Mariarta’s mother came to stand by her. “Mati—did your aunt frighten you?”
“A little,” Mariarta said. But it was more than that. The old blood will tell. You and your father both—
“Your aunt was raised old-fashioned, that’s all,” Mariarta’s mother said in her ear. “New things come down the road, and old stories whisper in her ear, and they both frighten her. You mustn’t let that happen to you. You were right to say God had sent us someone to share dinner with: He did. Now go on in. The soup will get cold.”
***
She sat next to the scolar right through dinner, and was hard put to know what was better to look at—his smooth young face with its pale blue eyes, or the soup, all thick with melting cheese. She had a piece of sausage to herself, and another half a one the scolar gave her. He was kind. Mariarta thought of just asking him outright to let her see the inside of his bag: that would be so brave, even Urs wouldn’t be able to say anything.
But as soon as they finished eating, her father’s council began to arrive. They gathered around the table with Guigliem, and were given wine, and Mariarta’s father sat at the head of the table, so that Mariarta knew the council was in session.
The scolar told them his name again. They asked him about the roads he had walked on leaving val Schatla, about the towns there, when he had left, and why. Mariarta was more interested in th
e bag. Her mother had told her to sit in the window-seat until it was her bedtime, but the bag had fallen on the floor. The tallow-dip was lit now. It would be hard to get at the bag without being seen...

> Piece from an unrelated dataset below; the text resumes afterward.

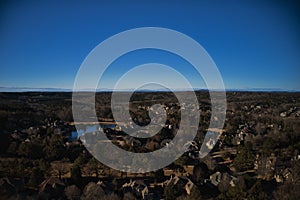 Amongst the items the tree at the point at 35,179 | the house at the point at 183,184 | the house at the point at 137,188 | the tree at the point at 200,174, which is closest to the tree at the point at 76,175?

“So they sent you away to be a student,” Flep said. The emphasis he put on the last word was amused, for everyone knew what Mariarta thought of the guest.
Guigliem smiled. “Not in the scola nera. I would hardly have arrived on foot without a solida of my own if I were accomplished in the black art.”
“But it’s well known that scolars can only do their wealth-making for others, never themselves.”
“Then it’s a wonder there are any at all,” said Guglielm. “What’s the point in learning a trade that will never do the craftsman any good, or maybe get you turned into a crow at the Crossroads?” They all laughed. “No, I was in minor orders in the Bishop’s monastery school at Cuera, where my father sent me before he died. I thought that after I took the tonsure I might work for the monks in Mustér, doing cattle-breeding for them. But word came that my old stepfather has died, too. I’m needed at home in val Schatla. So home I go, with my tonsure growing out. Just a farmer again.”
“A learned one, though,” said Mariarta’s father.
Guglielm looked wry. “Oh aye...I can speak Latin to the cows. But will they give enough extra milk afterwards to make a difference? And what’s the point of speaking to them in Daoitscha? The milk would probably curdle.”
All the councilors laughed. Mariarta’s father sat quiet, smiling.
Guglielm looked around with sudden concern. “Pardon me if I’ve spoken out of turn,” he said. “I did get the impression there’s no saltér here—”
Mariarta blinked. Why should the scolar care where the Austriac bailiff was? He was only a little fat man who barely spoke Romansch; even his Daoitscha was poor, coming out of him in short thick-sounding phrases, with panting in between. He walked around Tschamut as if he owned it, and the one time Mariarta had tried to ask her bab why Reiskeipf acted that way, her bab had growled and stalked away, giving her no answer. She hadn’t raised the subject again.